Intel experimenteert met datacenters in vloeistof
Intel gaat 700 miljoen dollar investeren in een onderzoekslab dat koeltechnologie voor datacenters moet verbeteren. Het kijkt daarbij naar immersive liquid cooling: het toestel onderdompelen in vloeistof.
Het gaat om een een R&D lab van 1,86 hectare (200.000 square feet) dat intel in Portland (VS) opent voor het kwalificeren, testen en tonen van haar datacenterportfolio in combinatie met verschillende koeltechnieken.
Tegelijk stelt het een koeloplossing en referentiedesign rond immersion liquid cooling voor dat vrij te gebruiken is voor anderen. Dit werd ontwikkeld door Intel in Taiwan en Intel hoopt dat wereldwijd in te zetten, maar ook dat andere spelers er in meestappen zodat er een ecosysteem ontstaat.

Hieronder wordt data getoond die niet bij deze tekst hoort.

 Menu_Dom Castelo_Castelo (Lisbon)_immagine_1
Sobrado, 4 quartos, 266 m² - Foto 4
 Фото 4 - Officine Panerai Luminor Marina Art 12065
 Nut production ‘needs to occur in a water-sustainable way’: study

Vandaag worden zowel gewone computers als datacenters vooral gekoeld met lucht. Maar zeker in datacenters maakt koeling een groot deel van de energiekost uit. Een datacenter op natuurlijke wijze koel houden (omdat het noordelijker staat bijvoorbeeld) kan vaak heel wat schelen op de stroomfactuur en dus ook op de rendabiliteit van een datacenter.

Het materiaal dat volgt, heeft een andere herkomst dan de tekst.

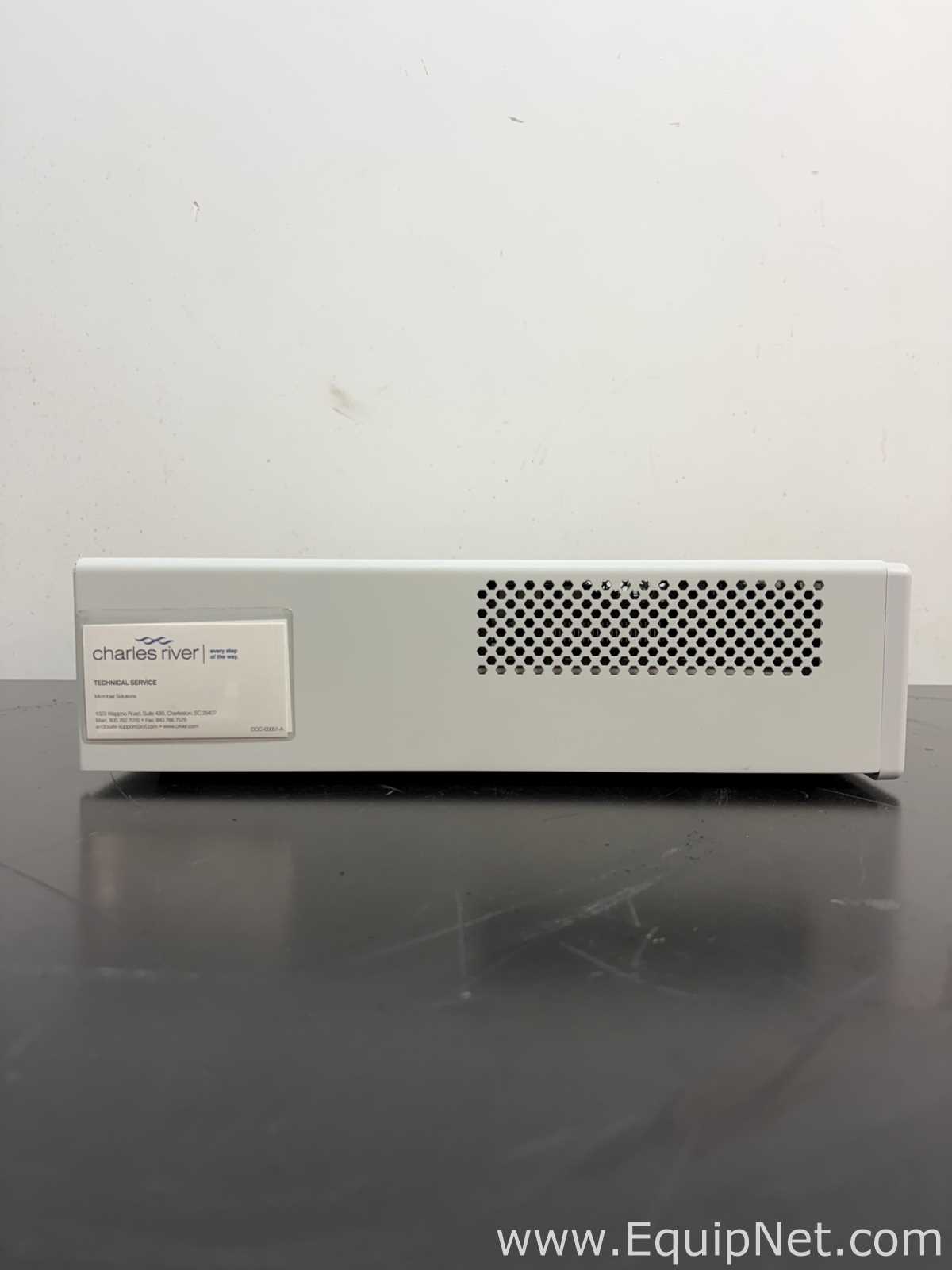 Cribador Charles River Labs MCS150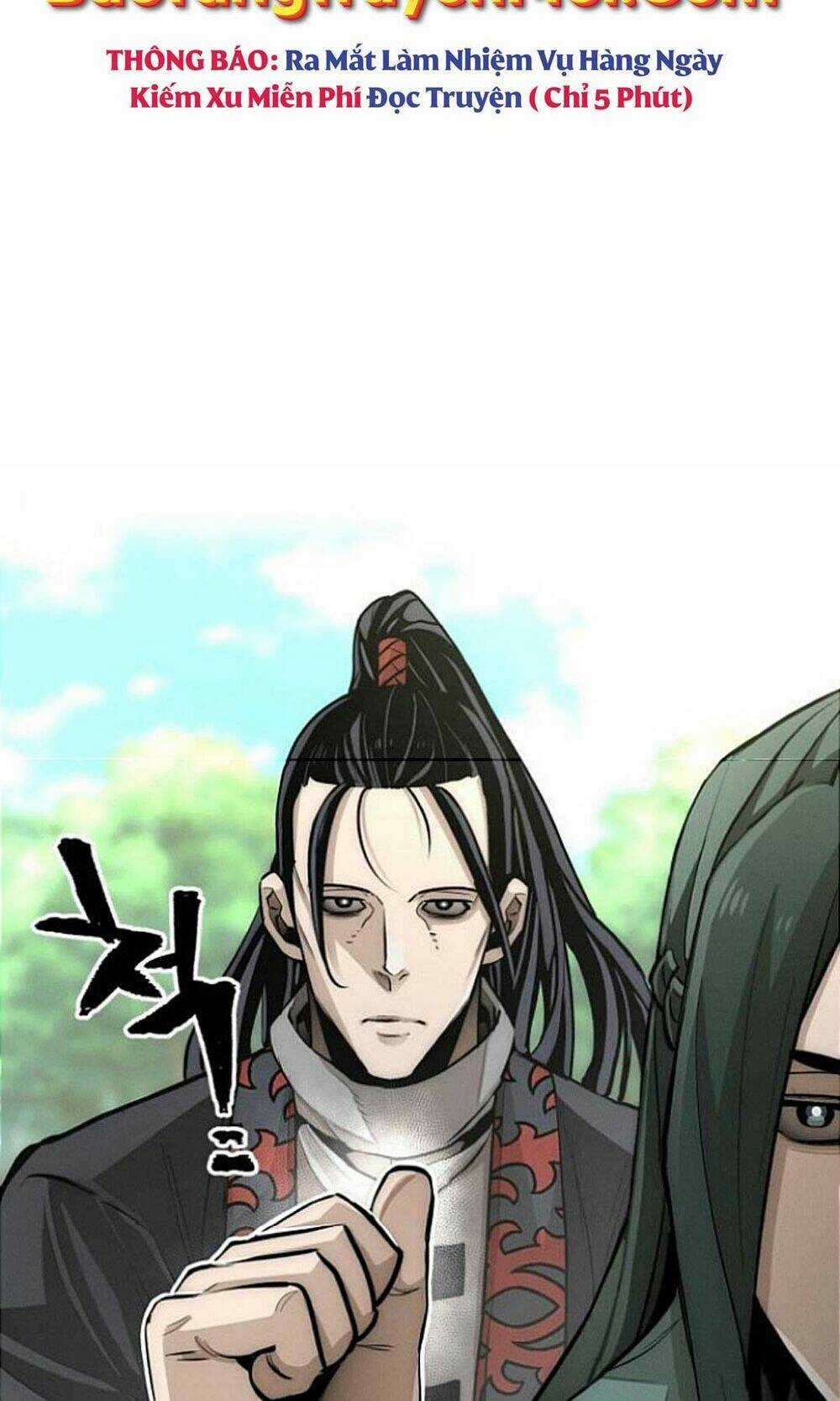 Thiên Ma Phi Thăng Truyện Chapter 35 trang 196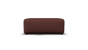 sku:X6-E01_-02-BUR|img:X6-E01_-02-BUR-IMG1.png|desc:X6 hocker rechthoek (61x103cm) element 1 #02 burgundy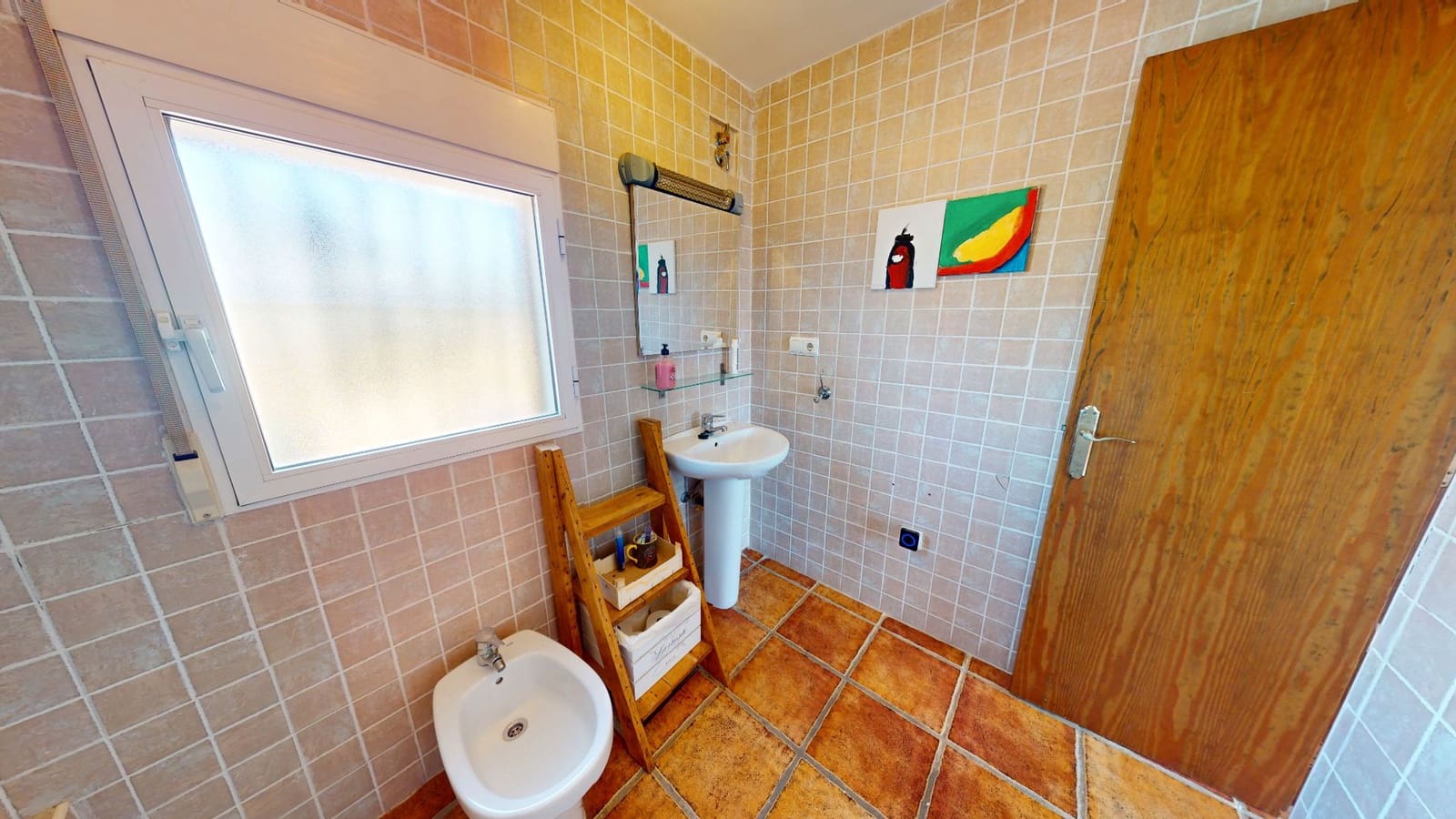 4 bedroom Villa for sale in Muchamiel / Mutxamel with garage - € 299,000 (Ref: 8981967)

Wat Intel nu wil doen is onderdelen in niet-geleidende vloeistoffen (dus geen water) plaatsen terwijl ze in werking zijn. Dat kan efficiënter zijn om warmte weg te nemen van de toestellen en die warmte eventueel elders (zoals voor de verwarming van nabijgelegen kantoren of huizen) in te zetten. Het lab opent eind 2023, waarna Intel er haar datacenterproducten zoals de Xeon en Optane chips, maar ook netwerkinterfaces, FPGA’s en switches zal testen.